China’s Landmark Decision on Homosexuality

Greenwich Village Gazette, October 15, 1999
New York, NY
Email: editor@new1.com

By Jack Nichols

Attention gay businessmen of all nations! Beware of now-legal mainland Chinese traps.

In what the South China Morning Post (October 13) has called "a landmark decision," Zhang Lihua, a thirty-something female judge of the Xuanwu District Court, has decided that homosexuality is abnormal and thus characterized same-sex love as unacceptable behavior among China’s citizens.

"It is the first time a mainland court has ruled on the nature of homosexuality," writes Mark O’Neill, a Beijing-based reporter. Prior to this ruling, he explains, anti-gay prejudices, while existing, have never before been ensconced as legally permissible.

In a cruel reversal of pending Hate Crime legislation in the United States Congress, therefore, the Chinese Court has institutionalized anti-gay sentiments, placing the full authority of Chinese courts against same-sex love and affection. The Court’s target is the author of a book which, by its very title, could be considered by party conservatives as damaging to the reputation of the nation.

Fang Gang, 31, author of Homosexuals in China (released April, 1995) and his publisher, Jilin Peoples Publishing House were defendants in this "literary-slander of-the-unnamed" case.

The author said: "I feel the judgment is unfair.
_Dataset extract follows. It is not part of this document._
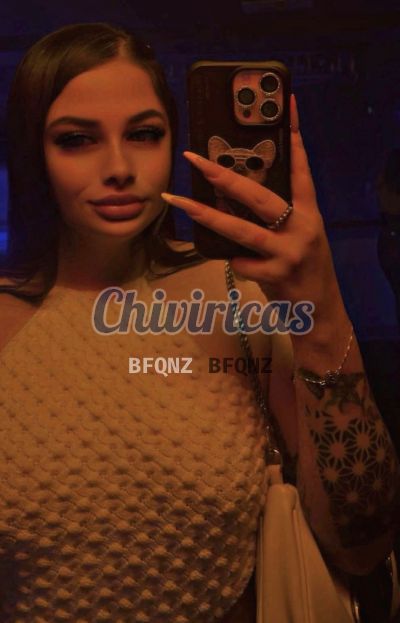Antonella 8494340886, Prepago en Santo Domingo Este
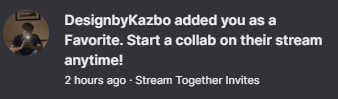 Swagchecked's tweet photo. aw shucks @DesignByKazbo https://t.co/gReXt8doAm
It is for doctors, not judges, to say if homosexuality is abnormal."

The suit’s initiator, who was an un-named character in Homosexuals in China, but who is now identified as Mr. Xu, sued Fang Gang and his publisher for 60,000 yuan (HK$55,000) charging he’d suffered Chinese-style anti-gay prejudice, a consequence of the "slanderous’ book in which he was not named.

Homosexuals in China, since publication, has sold 70,000 copies in this populous nation. Mr. Xu (un-named in the book) is described in its pages as the manager of a dance hall in which a gay Valentines Day party is held with approximately 50 persons attending. The book indicates that the dance hall manager is a homosexual and explains that he’d also volunteered as a gay telephone hotline operator.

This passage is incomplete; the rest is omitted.